However, when the wiring process is performed to attach a wire 112 to a pad P3 of the upper semiconductor chip 108 and a pad P1 of the substrate 100, the wiring process may generate pressure on the overhang portion A. In addition, when the stacked semiconductor chips 104, 108 are enclosed in a molding 114, the molding process may generate pressure on the overhang portion A. As a result of this pressure, the upper semiconductor chip 108 may crack, the connection between the upper semiconductor chip and the wire 112 may weaken or fail, or the bond between the upper and lower semiconductor chips 104, 108 may weaken or fail.
Consequently, a feature is needed to increase a bonding and/or wiring strength of a stacked semiconductor package at a low cost and high efficiency.
SUMMARYExemplary embodiments of the present general inventive concept provide a device and method to support an overhang of a semiconductor chip in a stacked semiconductor package.
Additional aspects and utilities of the present general inventive concept will be set forth in part in the description which follows and, in part, will be obvious from the description, or may be learned by practice of the general inventive concept.
Features and/or utilities of the present general inventive concept may be realized by a semiconductor package including a circuit board, a first semiconductor chip mounted to the circuit board to be separated from the circuit board by a predetermined distance, and a support located between the circuit board and the first semiconductor chip to support the first semiconductor chip, the support having first and second ends fixed with respect to the circuit board and a center portion between the first and second ends to contact the first semiconductor chip.
The semiconductor package may include a second semiconductor chip mounted to the circuit board.

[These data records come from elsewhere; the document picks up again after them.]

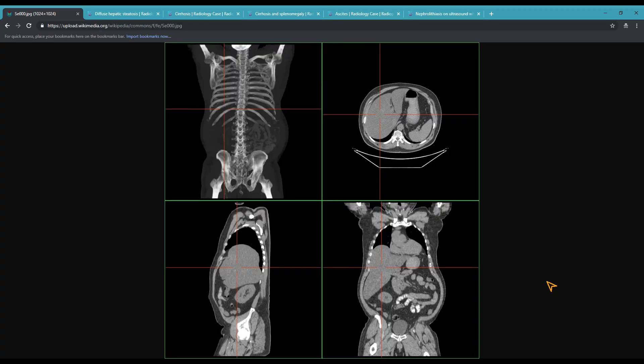Number one: hepatomegaly, also called enlarged liver, happens when your liver becomes bigger than it should be. Here is a CT scan that shows it really well. The liver is this vaguely triangular thing on the left, and for example, this lower part is not supposed to reach this far down. This liver is so big that it's pushing other organs out of place and possibly disrupting blood flow, pressing on some nerves, causing pain, and so on.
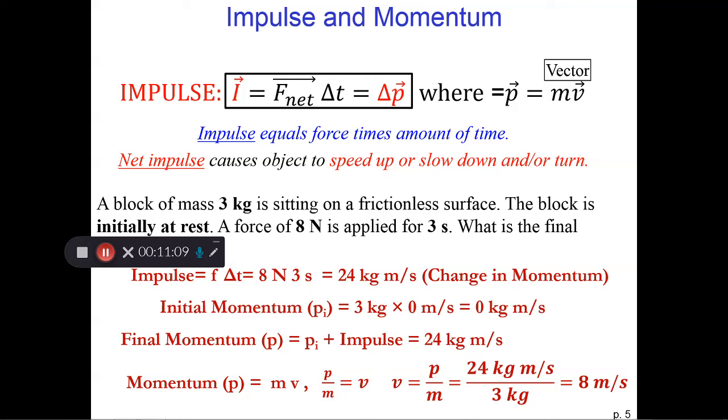We've prepared some questions for you to practice. In the next set of notes, we're going to look at the difference between impulse and work.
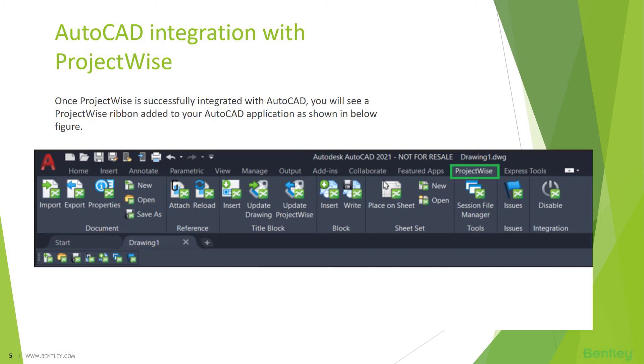To introduce myself, I am with Bentley since two years, working in ProjectWise integration team and ProjectWise core related issues. Working with Bentley, I learned how the CAD applications work within ProjectWise and the ProjectWise functionalities that are integrated with other applications through ProjectWise integration module.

The first semiconductor chip may be mounted to an upper surface of the second semiconductor chip, an overhang portion of the first semiconductor chip may extend past an end of the second semiconductor chip in a first direction, and the center portion of the support may contact the first semiconductor chip on a bottom surface of the overhang portion.
The support may have a length that runs parallel to the first direction. Alternatively, the support may have a length that runs perpendicular to the first direction.
The support may include a first wire having a length running perpendicular to the first direction and a second wire having a length running parallel to the first direction.
One of the first and second wire may be mounted to have a center portion beneath a center portion of the other of the first and second wire to support the other of the first and second wire.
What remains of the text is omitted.